At this time, Vladimir Putin was an embittered post-Soviet municipal official in St. Petersburg. Xi Xinping was a mid-level bureaucrat in the Chinese Communist Party, which in its fourth decade in power had undertaken murderous oppression in Tienanmen Square in 1989, an atrocity that by 1992 seemed to be an anachronistic outlier from the triumphant Age of Market Democracy.

But in the following decades, it became apparent that History had not yet ended after all.   

This 1992 moment sprung to mind earlier this year in Barcelona, as I attended Mobile World Congress 2025, the massive annual wireless telecommunications conference with over 100,000 participants and thousands of companies from over 200 countries.  By far the largest exhibit at the conference was that of China’s telecom behemoth Huawei – a gargantuan, sparkling, futuristic display of tech autocracy whose tagline, “Accelerating the Intelligent World,” ominously filled the largest hall of Barcelona’s huge convention center. The exhibit seemed to me a foreboding, even threatening message from China’s autocratic government, which incubated and helped build Huawei into the telecom/tech giant that it is today, that the future of the world is China’s all-knowing and all-powerful technology.

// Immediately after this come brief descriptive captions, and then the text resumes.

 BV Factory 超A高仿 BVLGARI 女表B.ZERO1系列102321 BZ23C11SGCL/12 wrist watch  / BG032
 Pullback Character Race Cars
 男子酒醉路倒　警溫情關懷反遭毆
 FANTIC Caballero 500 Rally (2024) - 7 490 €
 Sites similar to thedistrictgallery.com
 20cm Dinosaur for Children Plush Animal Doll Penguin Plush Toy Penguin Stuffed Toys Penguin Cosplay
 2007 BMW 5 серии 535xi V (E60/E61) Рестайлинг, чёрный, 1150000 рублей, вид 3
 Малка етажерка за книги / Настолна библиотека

And I thought about all this again last week in Royston, Ga., as several middle school, high school, and college kids worked to begin the Founding Citizens Institute, a training program for young Americans to learn the core skills of active citizenship, from how 911 emergency response works to the responsibilities of local government officials to the role of local churches and newspapers.  We met with a bunch of citizen leaders who were exuberant young adults in 1992 and now serve our community – and Georgia and the United States of America – in a wide variety of important roles.  Mayor, superintendent, assistant principal, teacher, clerk of court, fire chief, EMS, emergency room nurse, CEO, truck driver, reporter, veteran, church leader, etc. etc. etc. 

These people are good citizens, and every one of them is a Founder of our country – a nation of the people, for the people, by the people. The kids learned this week that in America, citizens run the country. We are in charge. We are not subjects of an autocratic government.

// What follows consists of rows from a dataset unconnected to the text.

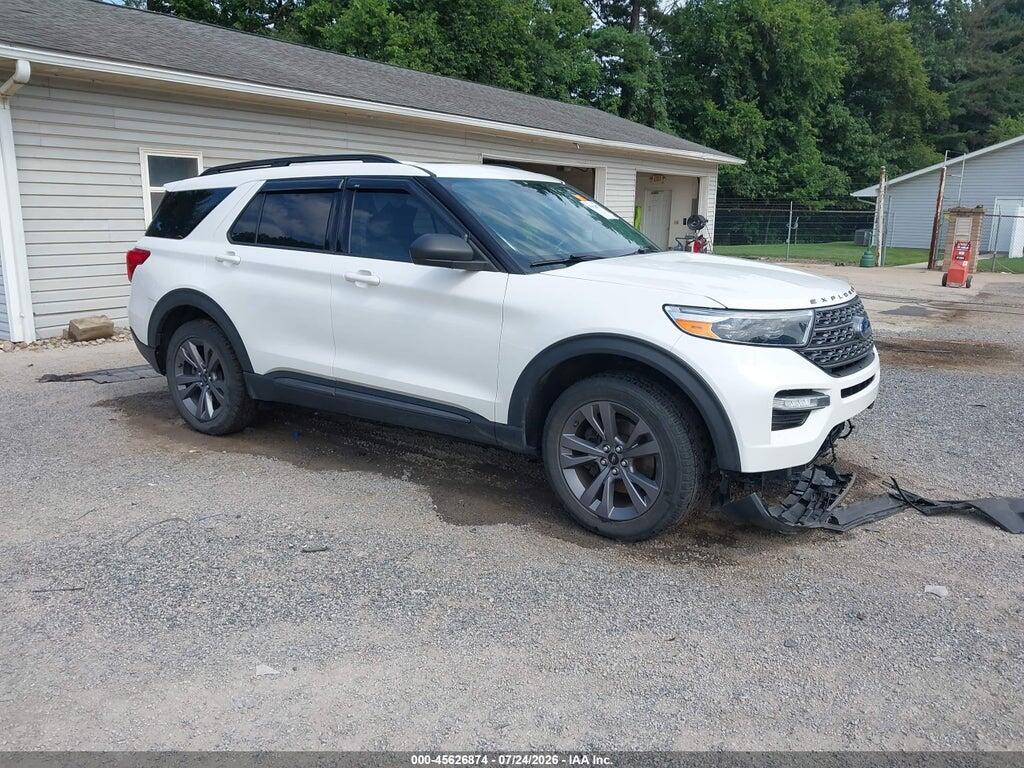 1FMSK8DH5MGB87343 2021 FORD EXPLORER photo no. 1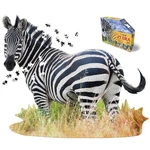 Kép 1/3 - WOW Puzzle 1000 db - Zebra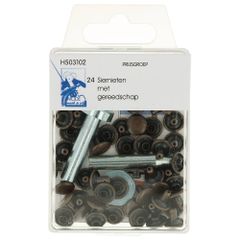 MMJZ Sierniet met gereedschap 9mm - 5x20st - AKU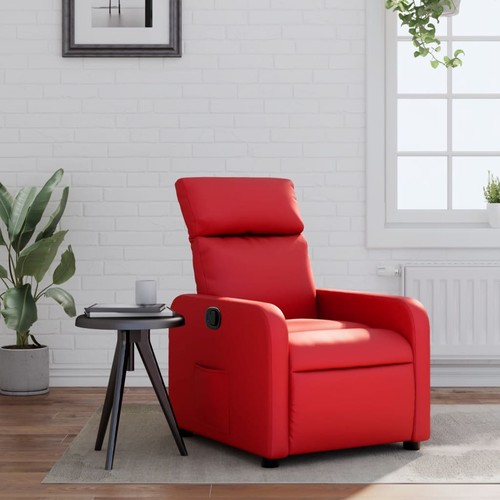 Kunstleder relaxsessel - kunstleder,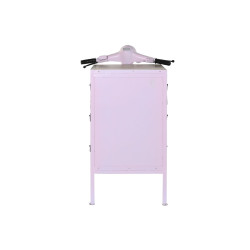 Cajonera DKD Home Decor 100 x 68 x 105 cm Metal Moto Rosa claro Madera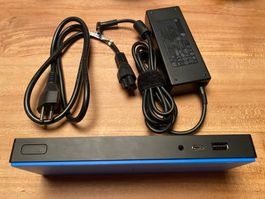 HP usb-c dock inkl. Netzteil 100-240V/ 19.5 Volt/ 4.62A
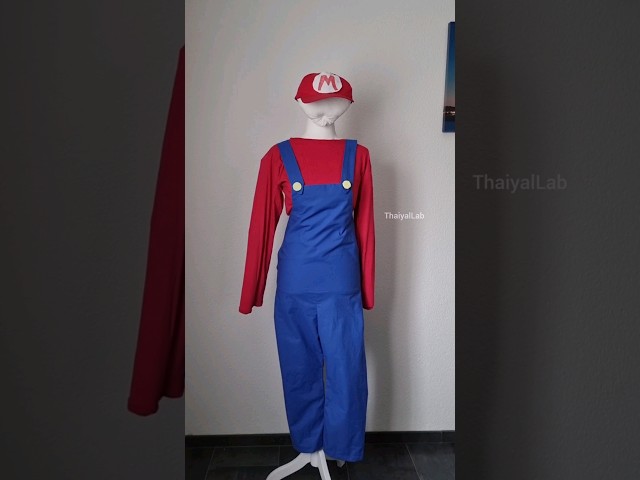 Vídeo relacionado con Disguise Disfraz Super Mario Bros Adulto Hombre, Disfraz Mario Bros Adulto, Disfraz Fontanero Adulto Hombre, Disfraz Personajes Mario Bros, Disfraz Carnaval Hombre Talla XL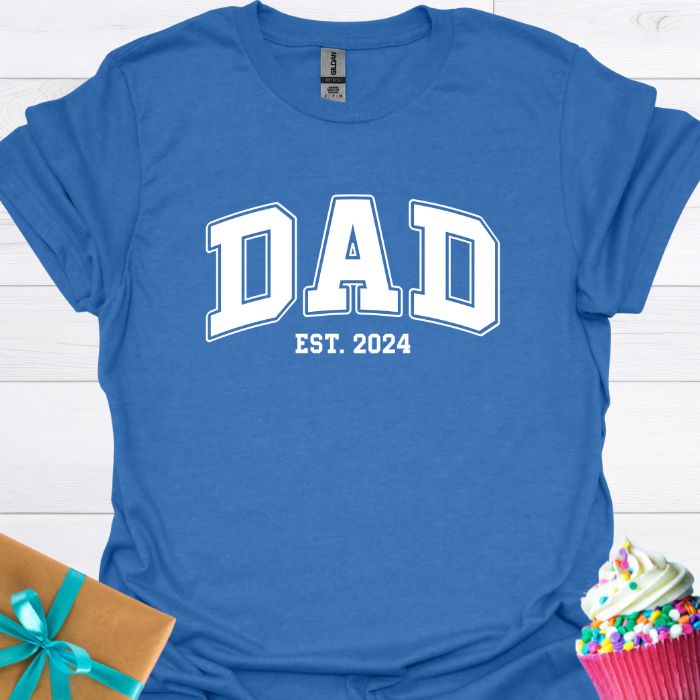 Dad Est. 2024 T-shirt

Citizens and the communities in which they live and serve are the most valuable “infrastructure” of our nation. China and Russia and other autocratic societies have hundreds of millions of residents – subjects – but those countries do not possess the “critical infrastructure” of active free citizens and citizen-led businesses, institutions, and communities.

The human infrastructure of citizenship is at the heart of the American Dream Team. 

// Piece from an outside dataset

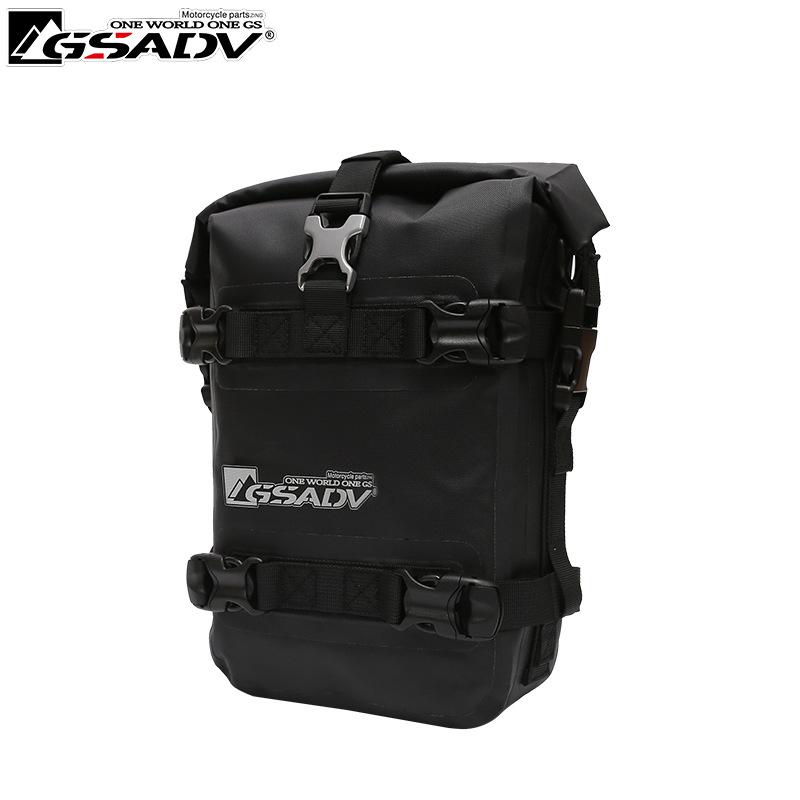 GSADV Crash Bars for Benelli TRK251: Full Coverage, 304 Stainless Steel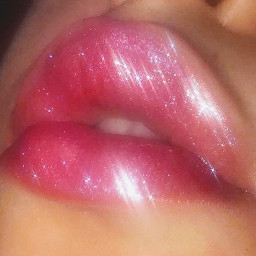 aesthetic lipgloss grunge softaesthetic soft baddie tumbler cute quote lips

And that human infrastructure is what the incredible technology showcased at Mobile World Congress in Barcelona is meant to serve. Technology must be designed and deployed to serve us – and our families and our dreams and our self-governance. 

It cannot be the other way around; we are not subjects of a tech-enabled autocracy that surveils and represses us and stifles our expression and ambitions.